If a more advanced aggregation is required, developers can implement a JavaScript object that overrides the default logic:
var scenario = {
state: {
"x": 1,
"y": 2
},
processCheck: function(check): {
},
generateEvents: function(check): {
}
};
The processCheck
function is called when a check completes running and allows the developer to extract information from its response if necessary or report custom metrics. After a scenario completes processing all its checks, generateEvents
is called to aggregate the results and produce events if necessary.
At a high-level, the processing of scenarios is as follows:
for (Scenario scenario : scenarios) {
for (Check check : scenario.checks) {
if (check.shouldCheck()) {
Checker checker = getChecker(check);
checker.check(check); // Non-blocking asynchronous execution here
}
}
if (isLeader()) {
List events = scenario.processEvents();
for (NCEvent event : events) {
event.notify();
}
}
}
NetControl Architecture
NetControl is built on top of Play Framework, a Java-based web application framework. We mainly use Play as an application server to render the user interface of NetControl. We use a single thread to run the scenarios, but since all checks are asynchronous the thread is not blocked on anything and can scale to run many scenarios.
NetControl uses the Rhino JavaScript Engine to execute the JavaScript scenarios, and we are planning to upgrade to Nashorn to gain better debugging capabilities and support for new ECMA features.
NetControl at Incapsula
For Incapsula we run three NetControl clusters:
- NetControl STAGE for testing
- NetControl BACKOFFICE for monitoring our backend and management services
- NetControl PRODUCTION for monitoring the customer production networks
Overall we run a fleet of 20 NetControl servers, installed in various data-centers around the globe.
We integrated NetControl with Slack, PagerDuty and email to make sure alerts reach the on-call developers at any time.

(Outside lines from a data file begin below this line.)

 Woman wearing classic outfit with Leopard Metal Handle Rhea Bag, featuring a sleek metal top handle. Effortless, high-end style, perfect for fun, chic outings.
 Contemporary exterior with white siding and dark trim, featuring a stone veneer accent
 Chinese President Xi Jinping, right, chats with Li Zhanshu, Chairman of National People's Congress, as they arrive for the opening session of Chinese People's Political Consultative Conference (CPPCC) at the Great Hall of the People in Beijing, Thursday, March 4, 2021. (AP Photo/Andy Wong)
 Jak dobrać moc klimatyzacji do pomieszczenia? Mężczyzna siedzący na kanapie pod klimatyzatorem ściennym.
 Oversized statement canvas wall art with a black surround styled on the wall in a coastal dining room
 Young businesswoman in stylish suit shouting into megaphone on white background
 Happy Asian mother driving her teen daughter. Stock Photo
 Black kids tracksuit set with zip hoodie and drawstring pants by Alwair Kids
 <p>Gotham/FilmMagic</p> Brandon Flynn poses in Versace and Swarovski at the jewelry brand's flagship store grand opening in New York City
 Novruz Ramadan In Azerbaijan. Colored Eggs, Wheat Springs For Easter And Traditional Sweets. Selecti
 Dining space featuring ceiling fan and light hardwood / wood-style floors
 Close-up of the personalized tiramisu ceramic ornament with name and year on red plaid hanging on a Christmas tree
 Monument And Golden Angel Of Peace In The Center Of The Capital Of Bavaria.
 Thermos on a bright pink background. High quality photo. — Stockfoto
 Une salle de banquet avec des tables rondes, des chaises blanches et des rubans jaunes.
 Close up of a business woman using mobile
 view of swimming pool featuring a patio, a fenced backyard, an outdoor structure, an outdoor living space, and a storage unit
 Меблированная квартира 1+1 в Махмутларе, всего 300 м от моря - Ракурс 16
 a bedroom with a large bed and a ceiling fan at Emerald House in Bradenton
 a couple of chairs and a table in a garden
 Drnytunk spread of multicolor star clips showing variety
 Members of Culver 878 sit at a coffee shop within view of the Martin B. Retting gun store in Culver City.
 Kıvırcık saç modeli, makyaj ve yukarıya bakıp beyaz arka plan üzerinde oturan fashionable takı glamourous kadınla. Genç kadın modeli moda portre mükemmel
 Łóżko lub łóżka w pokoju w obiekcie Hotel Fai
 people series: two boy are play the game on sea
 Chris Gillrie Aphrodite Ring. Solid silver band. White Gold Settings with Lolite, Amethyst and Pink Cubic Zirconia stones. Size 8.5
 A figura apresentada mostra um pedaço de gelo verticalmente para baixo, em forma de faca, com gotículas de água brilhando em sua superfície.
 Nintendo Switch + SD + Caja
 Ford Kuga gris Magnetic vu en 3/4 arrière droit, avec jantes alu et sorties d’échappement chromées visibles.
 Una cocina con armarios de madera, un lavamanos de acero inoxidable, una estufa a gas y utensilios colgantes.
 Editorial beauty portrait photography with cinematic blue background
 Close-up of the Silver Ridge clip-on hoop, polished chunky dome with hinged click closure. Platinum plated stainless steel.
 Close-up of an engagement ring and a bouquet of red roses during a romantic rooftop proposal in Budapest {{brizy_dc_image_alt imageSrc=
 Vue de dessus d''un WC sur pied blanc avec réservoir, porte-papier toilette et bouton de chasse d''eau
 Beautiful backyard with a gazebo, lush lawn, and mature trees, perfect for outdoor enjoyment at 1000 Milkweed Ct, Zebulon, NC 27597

Using NetControl to Manage Our Global Network
NetControl was not conceived as a general-purpose monitoring tool. It was actually built as a network management service to automate the process of routing traffic away from PoPs that experience connectivity issues. At the time we also suffered from frequent data-processing outages, that had they been detected earlier would have been resolved without impacting customers. When we saw the opportunity, we quickly rewrote NetControl to be a framework for developers to implement their monitoring scenarios.
NetControl has proven itself to be very valuable for Incapsula. It’s in active development and we are constantly adding more scenarios to it to expand its operational responsibility. At some point it will transform into NocBot, a full-time robot to manage our network.
Since NetControl’s launch about two years ago, Incapsula has deployed dozens of monitoring scenarios without falling into alert fatigue. In fact, when we detect false alarms or false positives, developers are more inclined to fix them because they consider them bugs in their code. And because many scenarios trigger PagerDuty incidents automatically, you may be woken up in the middle of the night because of that bug. All the more reason to fix it!